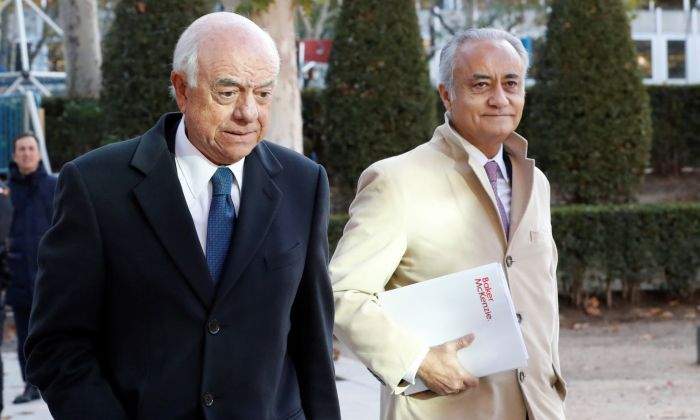 Francisco Gonzlez junto a su abogado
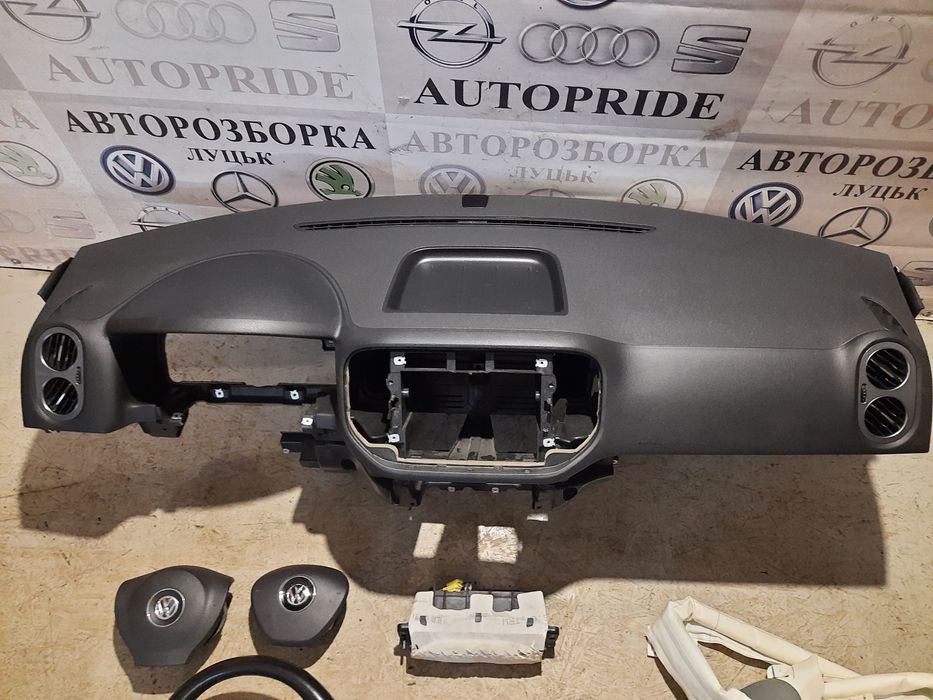 Торпеда Торпеда airbag Фольксваген Тигуан Тігуан  VW TIGUAN
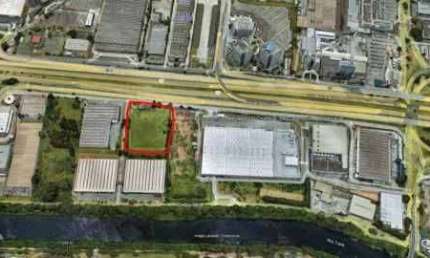 Area plana no Centro Empresarial Alphaville, com 10.346,40² (comercial/Empr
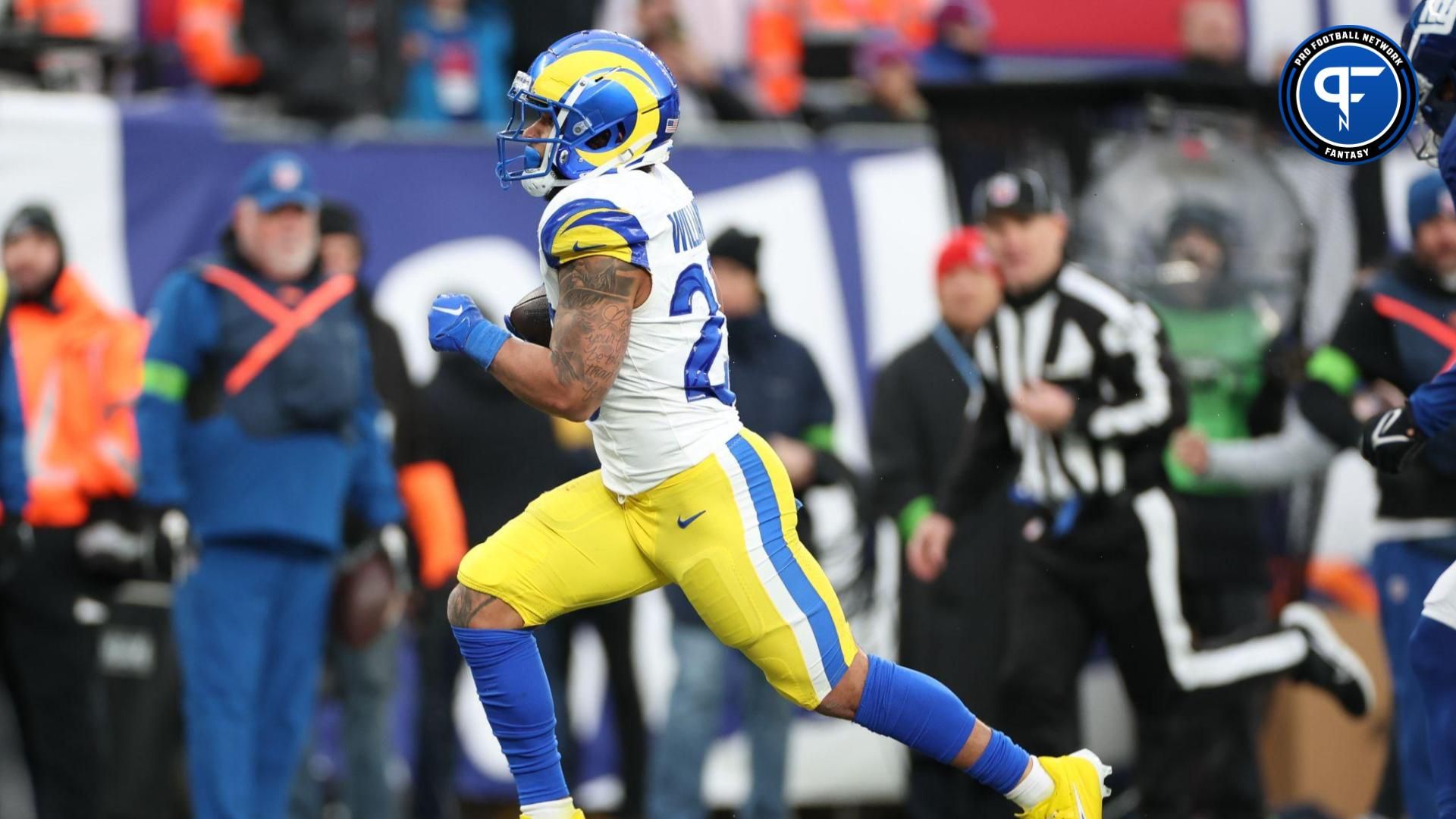 Los Angeles Rams running back Kyren Williams (23) scores a rushing touchdown during the second half against the New York Giants at MetLife Stadium.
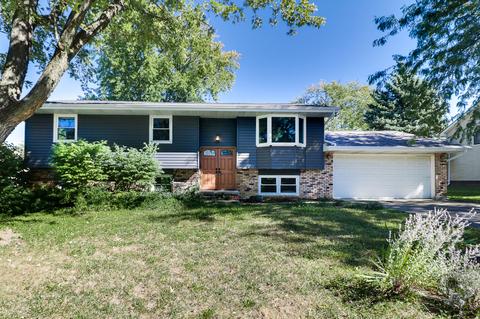 112 Camelot Dr, Bloomington, IL 61704 photo 1
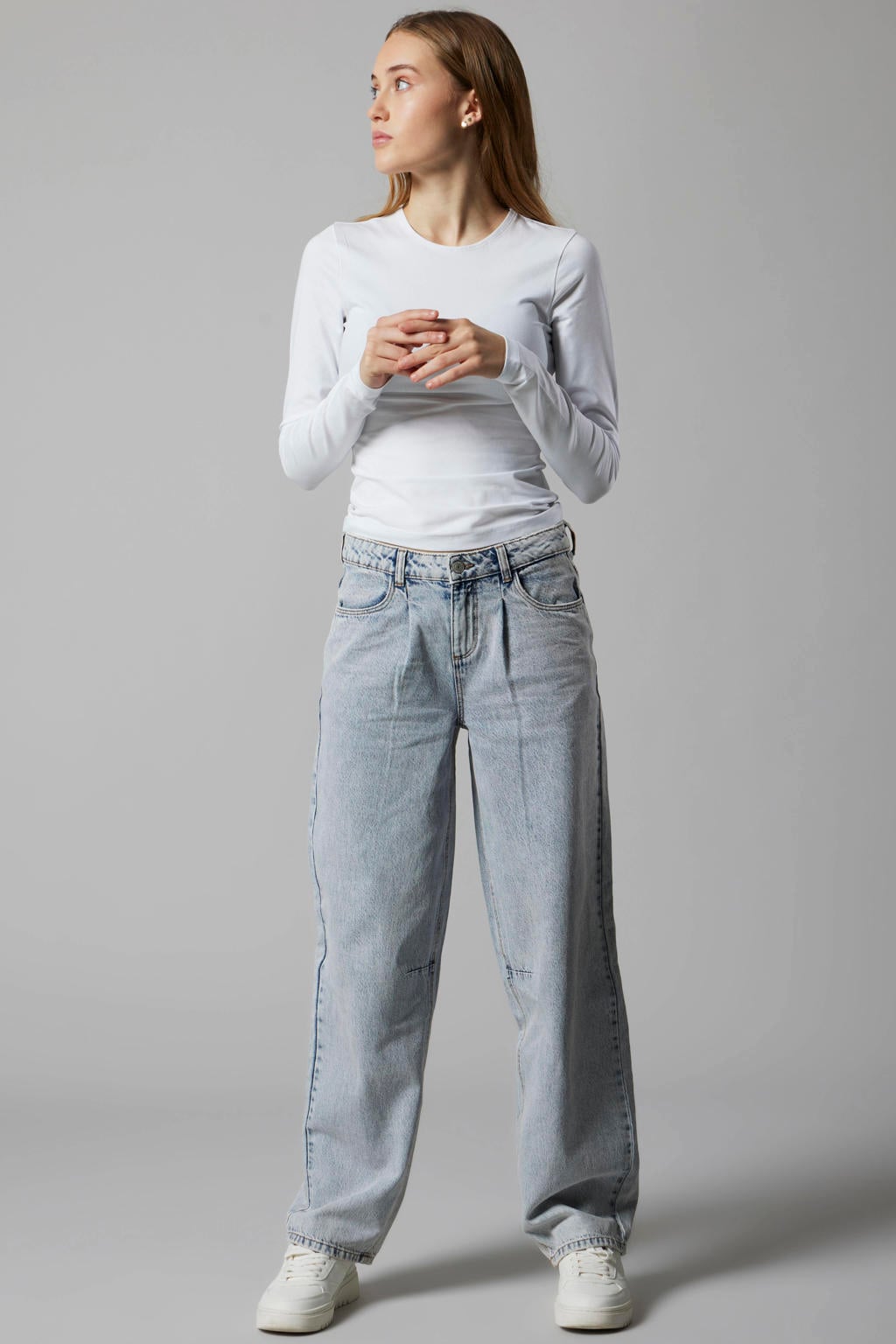 Light blue denim meisjes LMTD low waist barrel jeans van denim met knoopsluiting en effen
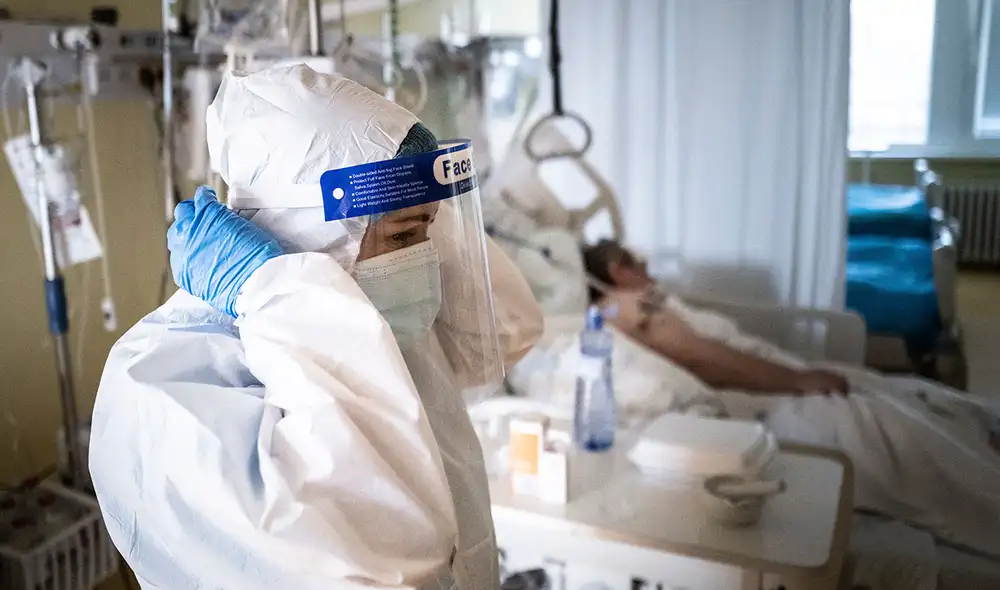 El Gobierno de Eslovaquia aprobó un confinamiento para las dos próximas semanas por nueva ola de COVID-19. Foto. AFP El Gobierno de Eslovaquia aprobó un confinamiento para las dos próximas semanas por nueva ola de COVID-19. Foto. AFP
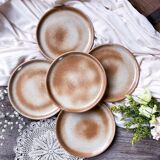 Serving small stoneware dessert plates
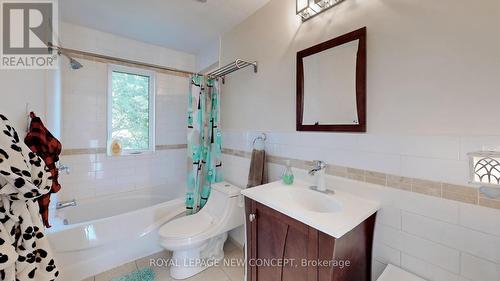 15 James Avenue, Wasaga Beach, ON - Indoor Photo Showing Bathroom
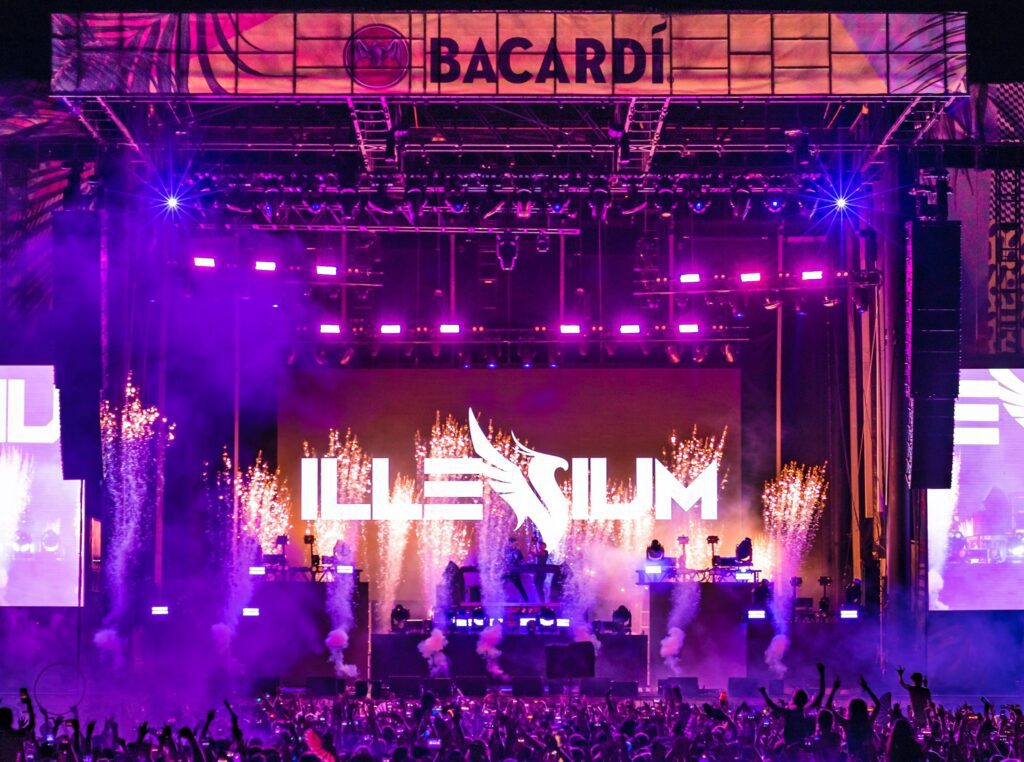 ILLENIUM plays out unreleased remix of JVKE’s “Golden Hour” with Nurko [VIDEO]
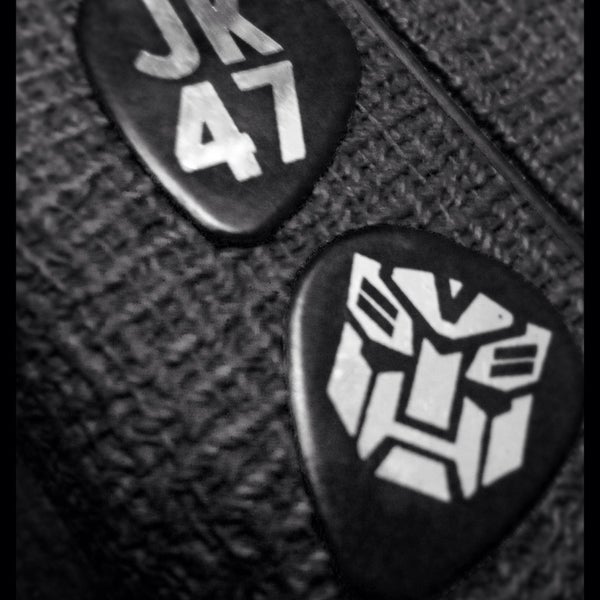 Foto scattata a Music Garage da JK-47 [Guitar] il 10/28/2014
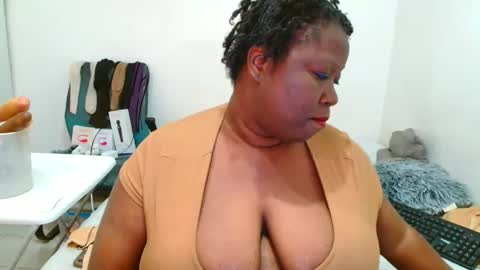 Snapshot of truebella30 chatting on October 18, 8:26 am TrueBella30 online show from October 18, 8:26 am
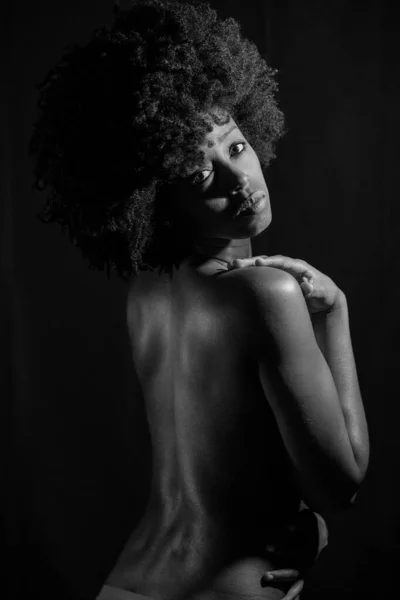 性感的非洲裔美国女性 卷发披头士 站在黑色背景下 黑白照片 — 图库照片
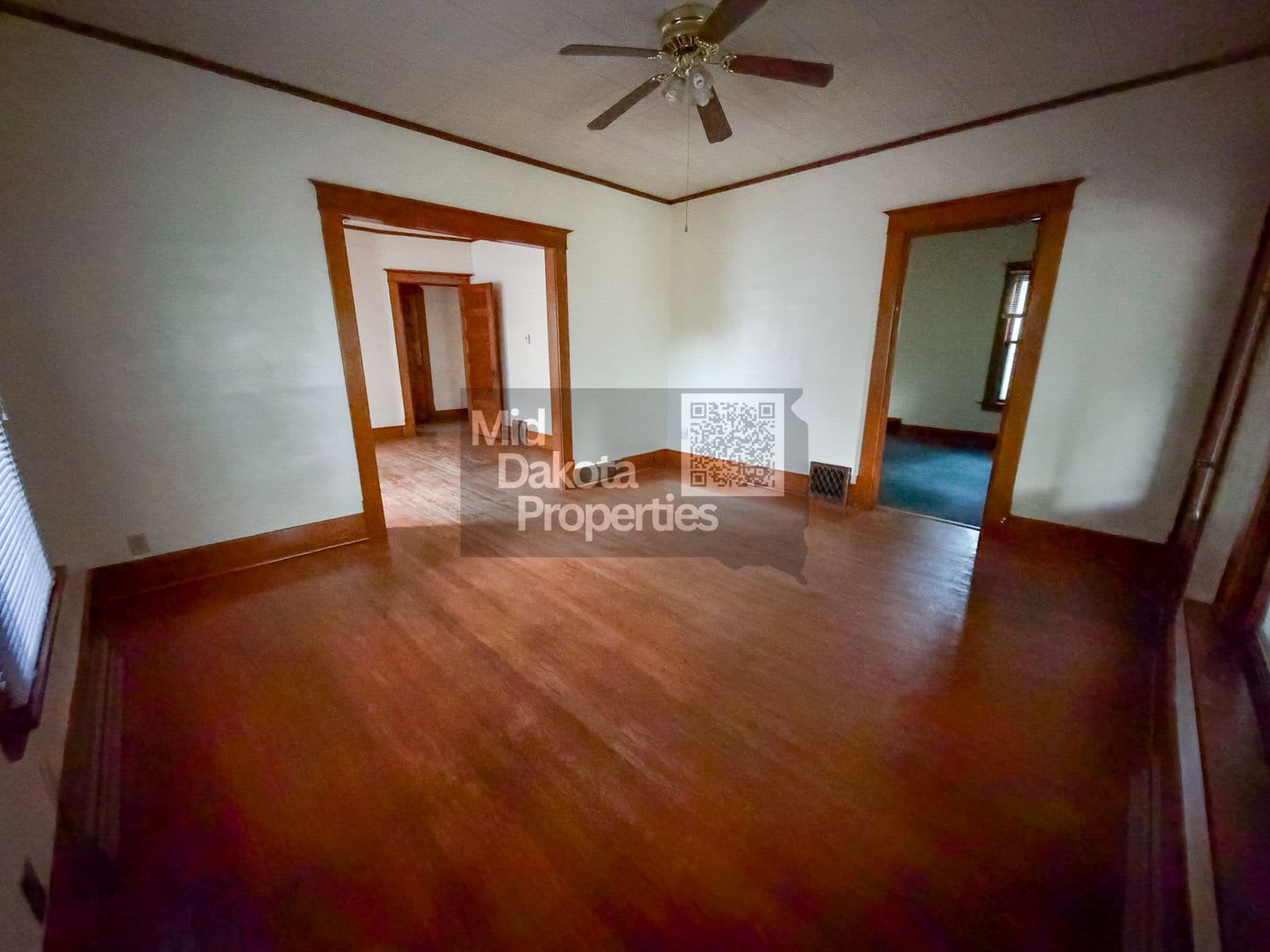 933 E 5th-3 Bedroom House – photo 5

----

**Requirement**: A faithful copy of all the data above, without its pictures, is the expected result.

**Solution to the exercise**:
 Francisco Gonzlez junto a su abogado
 Торпеда Торпеда airbag Фольксваген Тигуан Тігуан  VW TIGUAN
 Area plana no Centro Empresarial Alphaville, com 10.346,40² (comercial/Empr
 Los Angeles Rams running back Kyren Williams (23) scores a rushing touchdown during the second half against the New York Giants at MetLife Stadium.
 112 Camelot Dr, Bloomington, IL 61704 photo 1
 Light blue denim meisjes LMTD low waist barrel jeans van denim met knoopsluiting en effen
 El Gobierno de Eslovaquia aprobó un confinamiento para las dos próximas semanas por nueva ola de COVID-19. Foto. AFP El Gobierno de Eslovaquia aprobó un confinamiento para las dos próximas semanas por nueva ola de COVID-19. Foto. AFP
 Serving small stoneware dessert plates
 15 James Avenue, Wasaga Beach, ON - Indoor Photo Showing Bathroom
 ILLENIUM plays out unreleased remix of JVKE’s “Golden Hour” with Nurko [VIDEO]
 Foto scattata a Music Garage da JK-47 [Guitar] il 10/28/2014
 Snapshot of truebella30 chatting on October 18, 8:26 am TrueBella30 online show from October 18, 8:26 am
 性感的非洲裔美国女性 卷发披头士 站在黑色背景下 黑白照片 — 图库照片
 933 E 5th-3 Bedroom House – photo 5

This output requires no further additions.